I felt my brows shoot up. “I’ve no need of your protection.”
“Needed or not, I will come back to you, sweet Meg,” he murmured, his fingers now firming on my chin. “There is naught in the world that would keep me away. But before I go . . . this is the boon I would ask. Our first kiss.”
I blinked at him. “We have kissed before.”
“We have kissed when you were stealing from me. When I was stealing from you. And we have kissed in haste and danger, never knowing when we’d have to run,” he said. “For once, my beautiful Meg, I would like to simply kiss you. A perfectly ordinary kiss.”
He tilted up my chin.
There are moments in my life that I believe I’ll remember forever. A perfect sunset, the sight of ships coming into port, the first breath of spring.
And the moment of a perfectly ordinary kiss from Rafe Luis Medina, the Count de Martine.
It was nothing at all like I’d expected it to be. It was strong—but curiously soft at once, and Rafe exhaled a strangled breath that sent a thrill completely through me as he crushed my body to his. In that moment, his lips over mine, it seemed he poured his very soul into me, his soul and all his memories and everything he was, everything he would be. I could not get enough of him, and when he lifted his face away, I wanted him back, immediately.

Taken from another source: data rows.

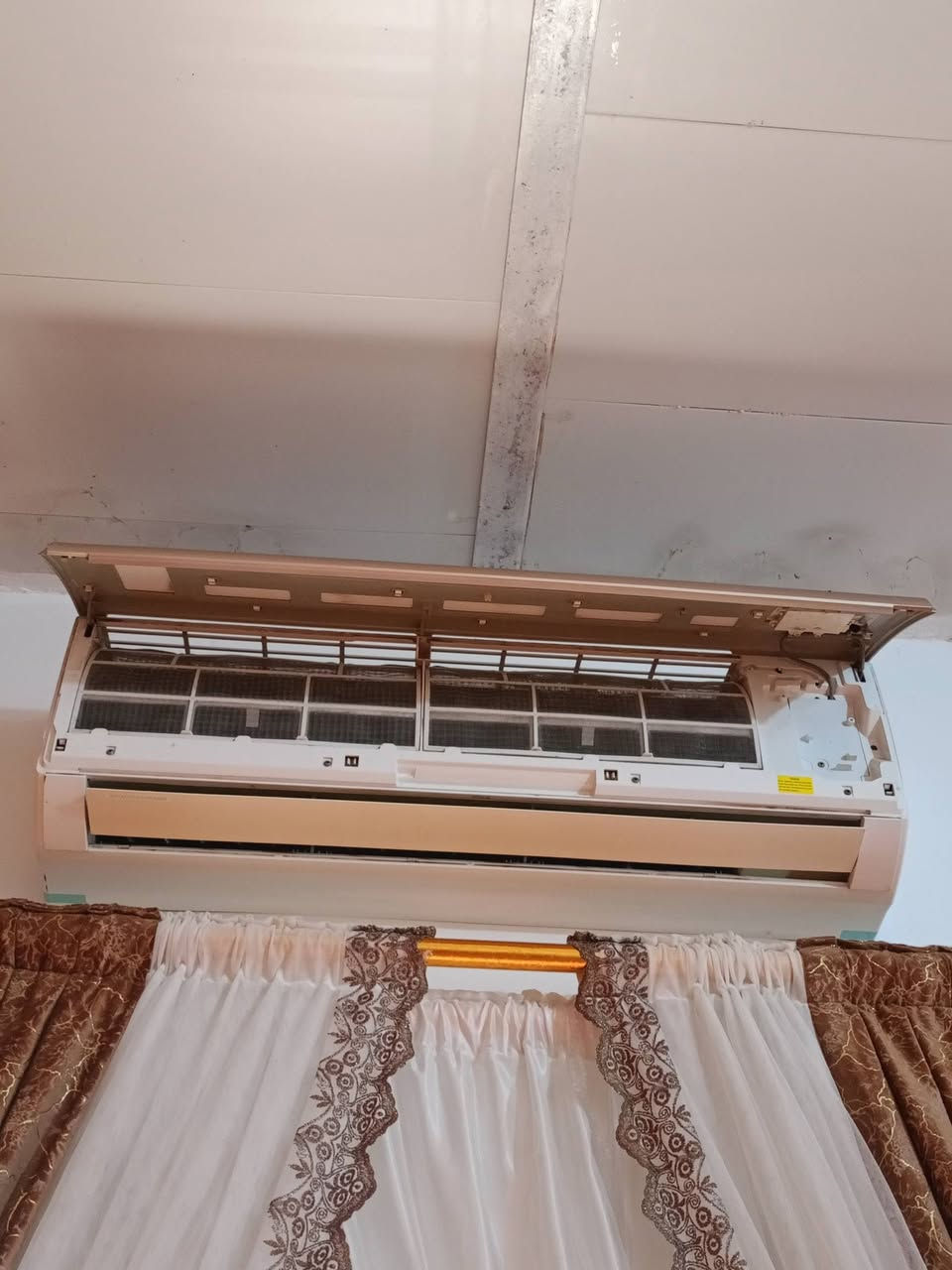 سبلت للليع جديد طنين غاز 410 السعر 400. وبيه مجال ملغي تدفئه فقط تبريد نضافه ميه بلميه***********
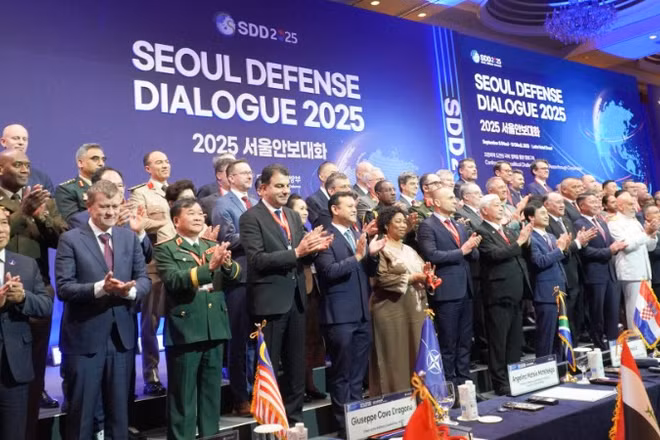 Các đoàn đại biểu chụp ảnh tại Đối thoại Quốc phòng Seoul lần thứ 14 (Đối thoại SDD-14) tại Hàn Quốc.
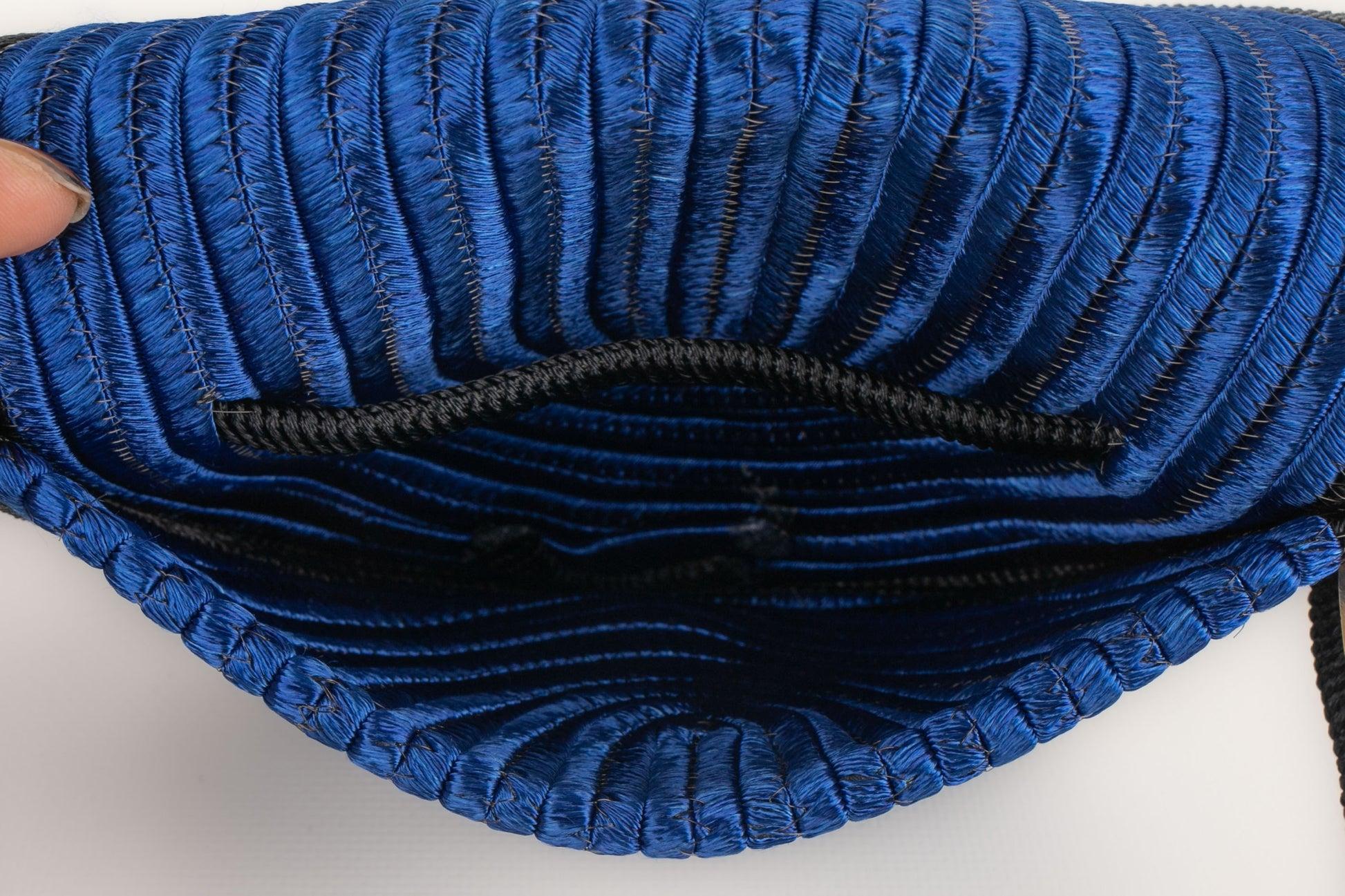 Yves Saint Laurent Black and Blue Trimming Handbag For Sale 5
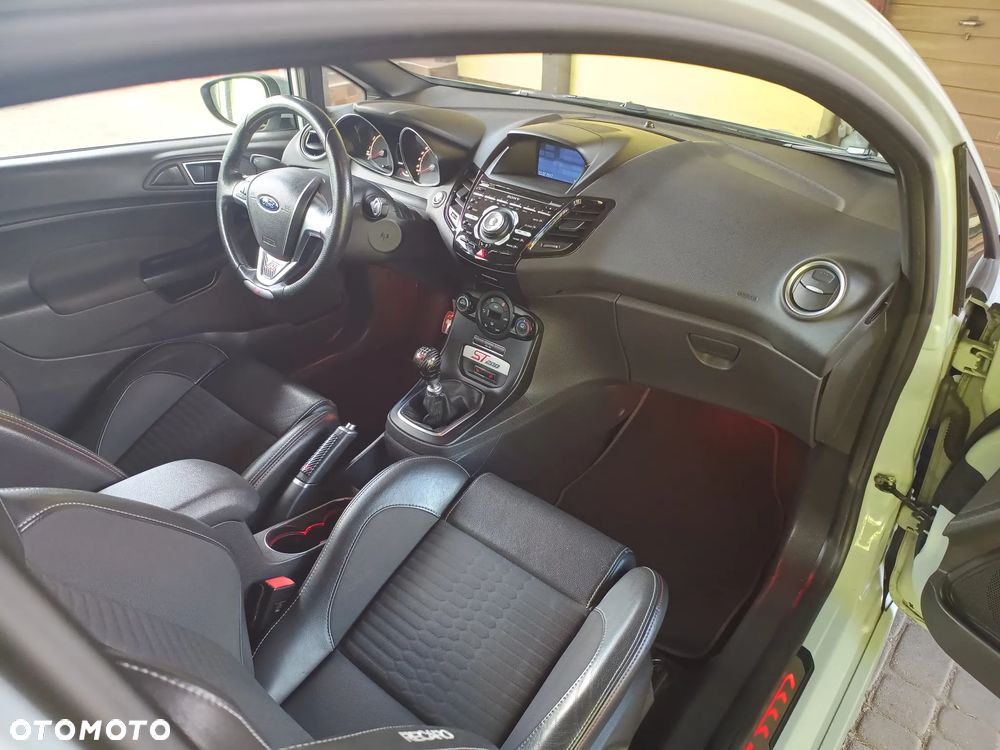 Ford Fiesta - 17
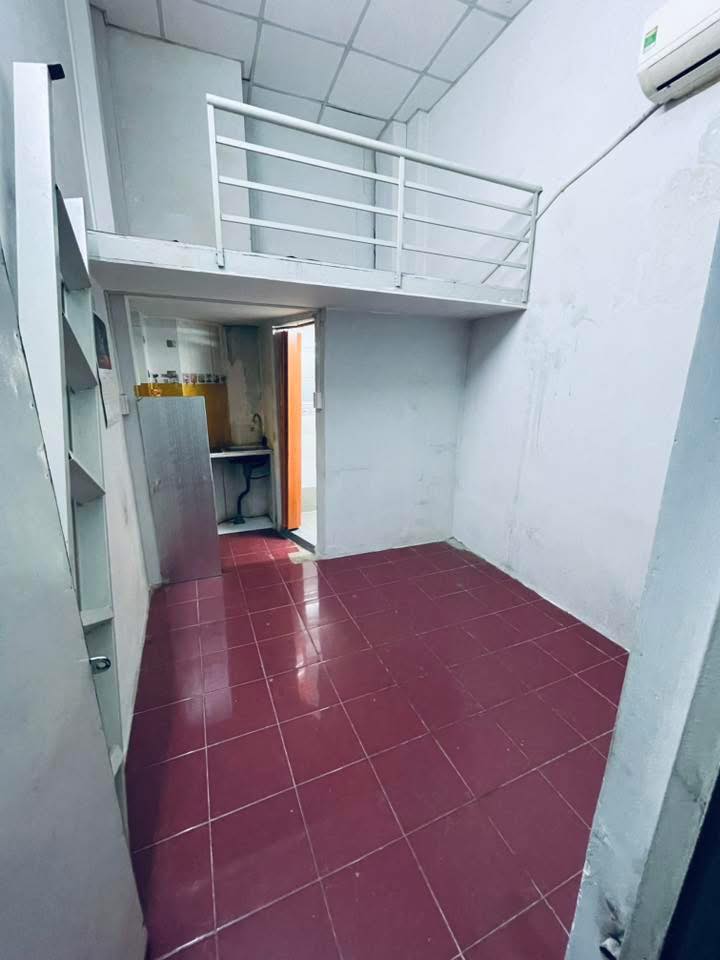 Cho thuê phòng trọ mặt tiền đường Cách Mạng Tháng 8, quận Tân Bình, giá 2.7 triệu - Giờ giấc tự do!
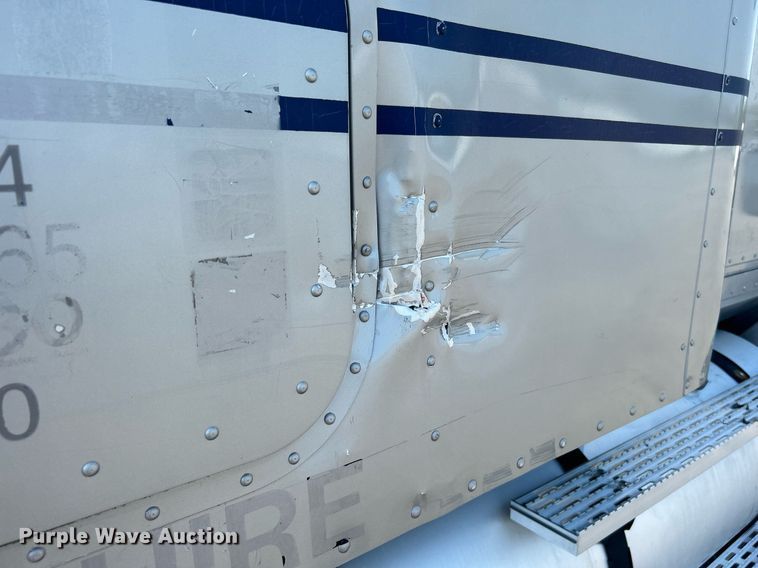 image for item KW9075 1996 International 9200  semi truck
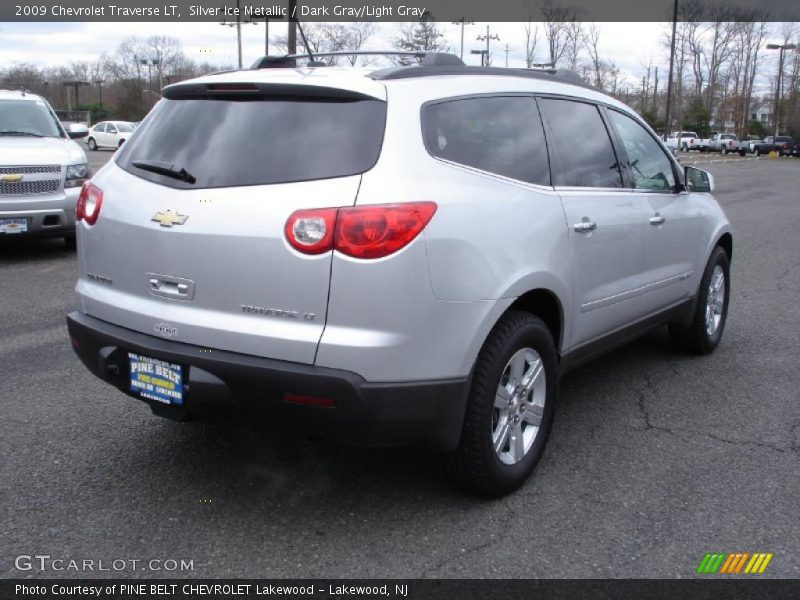 Silver Ice Metallic / Dark Gray/Light Gray 2009 Chevrolet Traverse LT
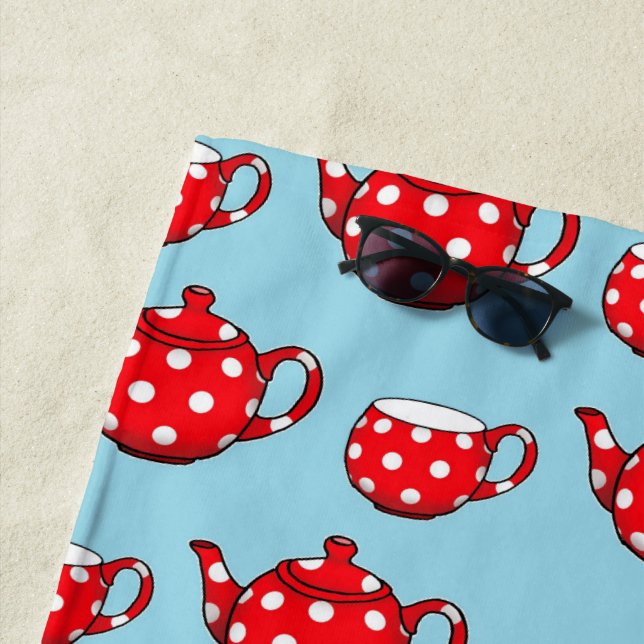 Spotty Red Teapot and Cups Blue Pattern Strandtuch (Beispiel)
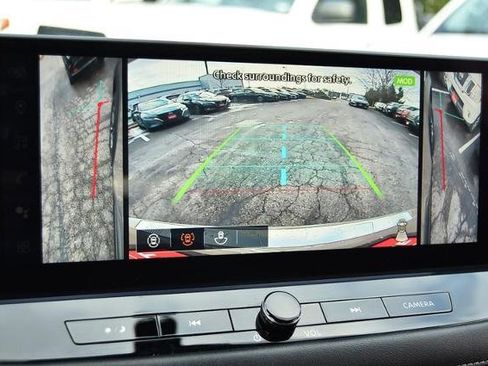 Certified 2024 Nissan Rogue SL image 14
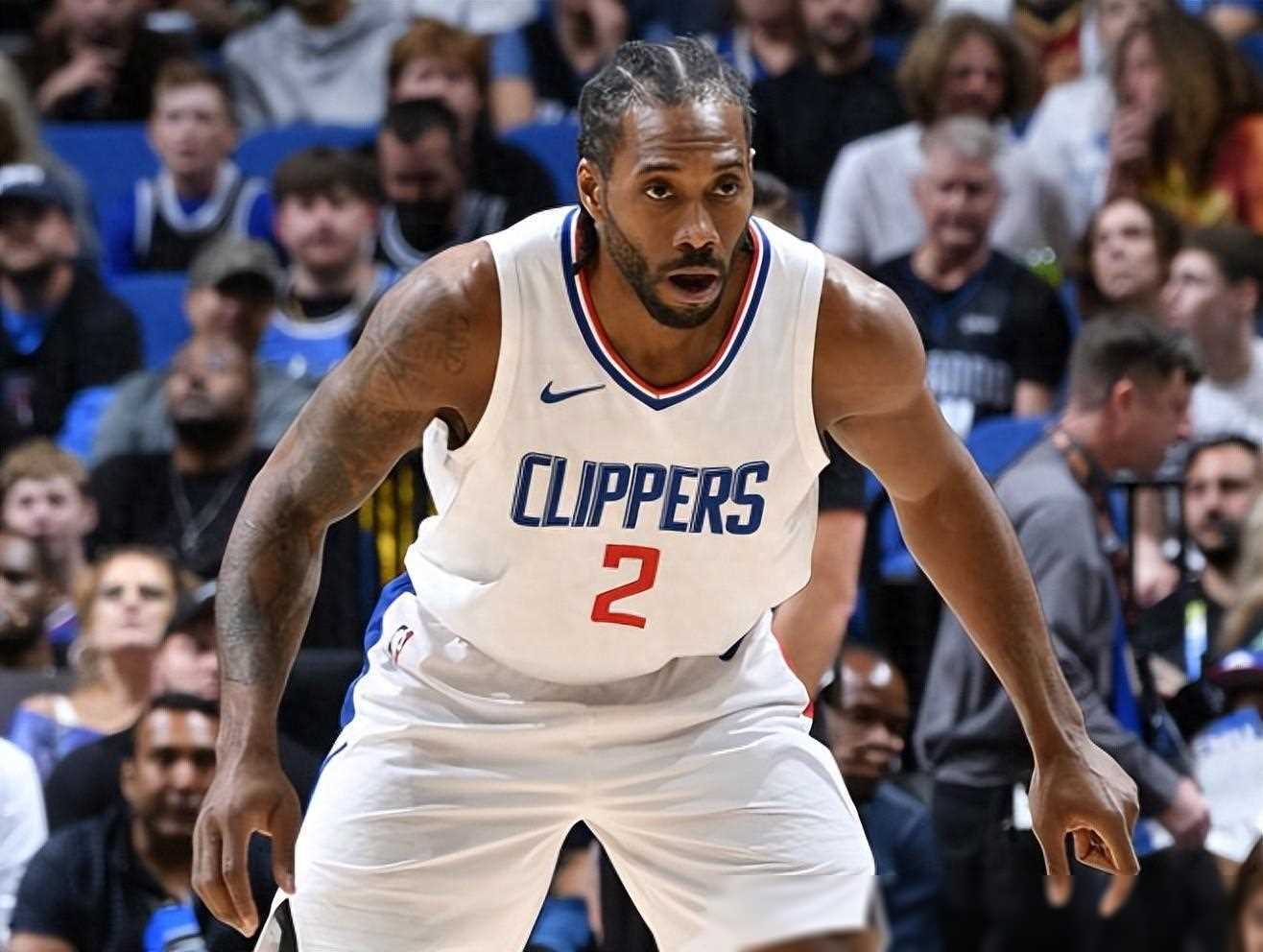 轮换球员出 轮换球员出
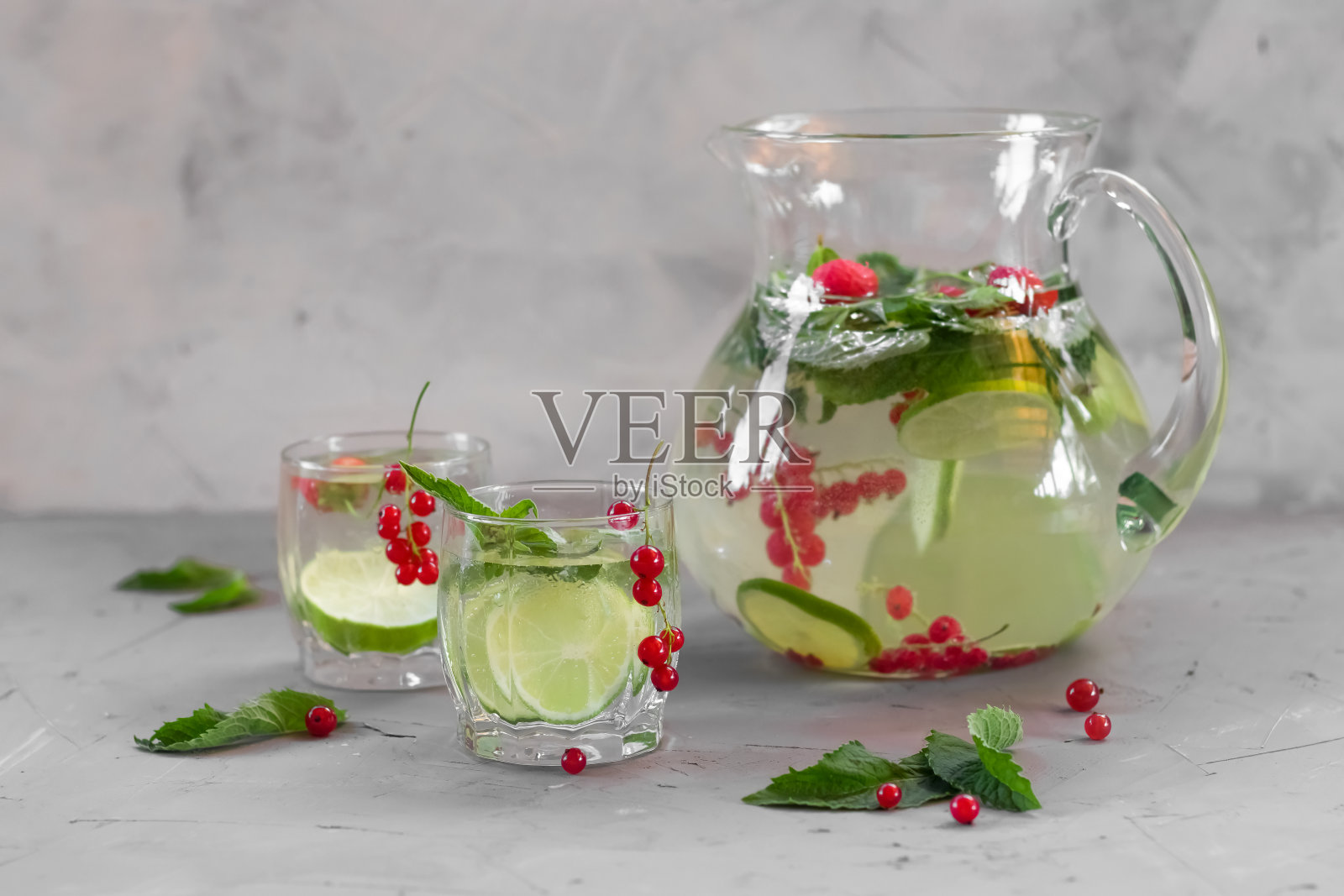 自制柠檬水，薄荷和浆果。照片摄影图片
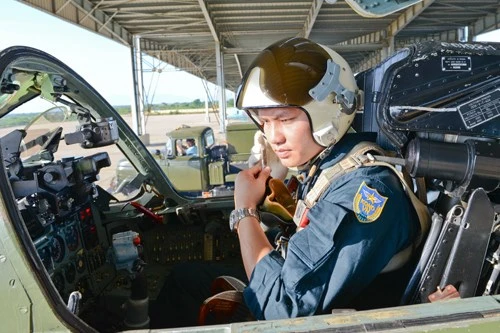 Hình ảnh bay huấn luyện Su-22 tại Trung đoàn không quân 937 ảnh 5 Hình ảnh bay huấn luyện Su-22 tại Trung đoàn không quân 937 ảnh 5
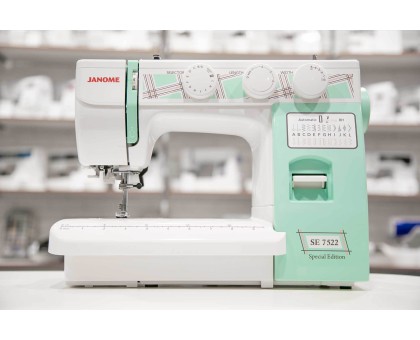 Швейная машина Janome SE 7522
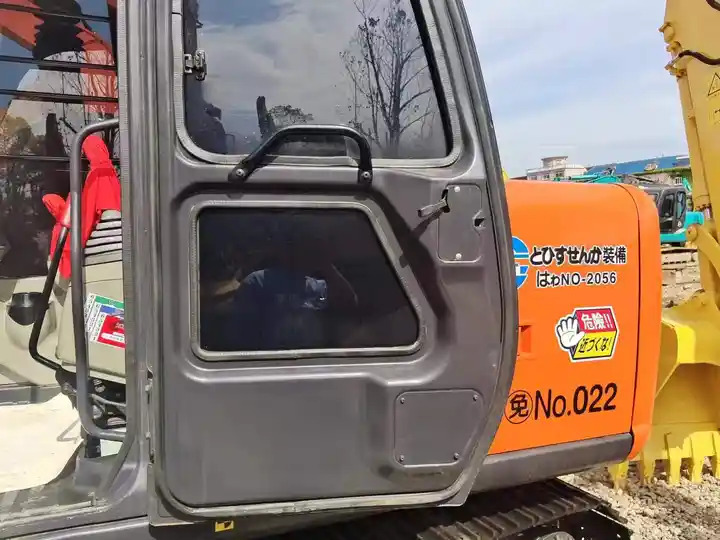 Cheap Small Tracked Excavator Hitachi Zaxis 70 Secondhand Mini Excavator In Shanghai - Гусеничный экскаватор: фото 4 Cheap Small Tracked Excavator Hitachi Zaxis 70 Secondhand Mini Excavator In Shanghai - Гусеничный экскаватор: фото 4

“You will return?” I gasped as he trailed soft kisses over my lips and cheek, straying to my neck. This part I remembered from before, but now his touch took on a new level of magic, like tracings of fire that were now branded deep into my skin, warming me in the darkness that even now I felt drawing close.
“I will return,” he vowed. “The Queen’s birthday is hard upon us, and I would be a very poor courtier indeed to not show her my appreciation for her gracing the world with another year of life. And, I’m given to understand, there is to be a wedding at Windsor soon as well.”
I smiled, thinking of Beatrice. “It will be an event not to be missed,” I agreed.
“With a fortnight of de Quadra’s diplomacy and with a handsome gift from the Spanish monarchy for the Queen’s troubles, I suspect I will be a welcome guest.”
“Until the wedding, then,” I said, pulling back from him, but my heart seemed to shrink even at that simple parting. “It is still too far away,” I sighed, hating the sound of my own weakness. “Whole lives can be changed in such a long time, and freedoms won and lost.”
I spoke with conviction, for I knew it to be true. After all, it had been barely a month since he’d arrived on our shores. And how much had my life changed in that time?
“Then perhaps you should be still,” Rafe murmured. “And let me kiss you again.”
And so I did.
We stood there long and silent in the brilliant morning light, the great promise and danger of the world held at bay, unwilling and unready to be caught up again quite yet in our work for Crown and country. For in these stolen moments, this at least was one lesson I’d learned:
Among the ranks of the Maids of Honor, love was the most precious freedom of all.